Never had much luck getting fixed lights pointing where I'm looking. I use a handheld. You can also get one of those nice coon head lamps that wear like a hard hat.


----------



## Core Lokt (Feb 1, 2013)

Head lights are hands free...


----------



## carolinaboy (Feb 1, 2013)

Why not run without a light you can see better and have one ready if you get in a tricky area.


----------



## head buster (Feb 1, 2013)

Go to Walmart and and looks at lights there. I got a 2 pack of lights for my brothers boat and they work just fine. we always have a hand held light just incase we get into some shallow or stumpy water. you can change the bulbs to make them broghter too! they only cost me around $15. I got some info off of duckhuntingchat about lighting.


----------



## Lanikai (Feb 1, 2013)

Look up Jeff Lasarras http://www.leserra.com/ site and checkout their headlights.


----------



## southernwhitetailMD (Feb 1, 2013)

Bdub, I recently installed a set of lights on the front of my boat. I went to our local parts store and bought two 55 watt BAJA lights and replaced the existing bulbs with 100 watt bulbs. I have no more than 35 dollars invested in them finished. They have a bracket on them so you can angle them. These two lights put out more than enough light to see where you're going in the dark.


----------



## mikeys250 (Feb 2, 2013)

southernwhitetailMD said:


> Bdub, I recently installed a set of lights on the front of my boat. I went to our local parts store and bought two 55 watt BAJA lights and replaced the existing bulbs with 100 watt bulbs. I have no more than 35 dollars invested in them finished. They have a bracket on them so you can angle them.
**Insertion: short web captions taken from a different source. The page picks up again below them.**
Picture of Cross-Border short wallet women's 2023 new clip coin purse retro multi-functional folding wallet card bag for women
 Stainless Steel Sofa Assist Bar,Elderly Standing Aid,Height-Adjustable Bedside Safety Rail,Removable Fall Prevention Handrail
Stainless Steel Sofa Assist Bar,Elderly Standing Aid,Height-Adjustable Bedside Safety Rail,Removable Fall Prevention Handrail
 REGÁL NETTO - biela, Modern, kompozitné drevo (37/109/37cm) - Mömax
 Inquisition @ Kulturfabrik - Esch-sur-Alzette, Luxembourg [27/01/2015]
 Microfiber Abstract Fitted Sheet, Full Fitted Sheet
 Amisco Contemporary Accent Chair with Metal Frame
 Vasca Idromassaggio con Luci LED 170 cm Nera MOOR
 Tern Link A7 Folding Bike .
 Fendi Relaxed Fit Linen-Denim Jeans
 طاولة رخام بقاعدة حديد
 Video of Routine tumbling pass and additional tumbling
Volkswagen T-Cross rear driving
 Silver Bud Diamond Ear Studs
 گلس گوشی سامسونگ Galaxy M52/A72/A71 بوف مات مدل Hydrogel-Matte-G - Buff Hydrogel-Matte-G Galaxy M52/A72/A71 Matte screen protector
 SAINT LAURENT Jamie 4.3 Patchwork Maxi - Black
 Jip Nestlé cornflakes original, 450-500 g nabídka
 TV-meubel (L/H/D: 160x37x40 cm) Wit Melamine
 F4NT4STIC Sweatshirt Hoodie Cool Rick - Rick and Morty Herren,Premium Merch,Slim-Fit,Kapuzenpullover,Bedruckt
These two lights put out more than enough light to see where you're going in the dark.


I have the same lights but haven't changed the bulbs yet. Did it make a big difference?


----------



## southernwhitetailMD (Feb 2, 2013)

There wasn't a huge difference between the two bulbs but the 100 watt definitely put out more light. It's safe to say you can easily get by with the factory bulbs that are in it though. The fact that you can move the lights make all the difference to me.


----------



## dirtysouthforeman (Feb 2, 2013)

I use a go-light and really like it... tractor supply had a light that was identical to a go light for only about $100. not sure if they still carry them but I would check them out


----------



## Blindside (Feb 2, 2013)

carolinaboy said:


> Why not run without a light you can see better and have one ready if you get in a tricky area.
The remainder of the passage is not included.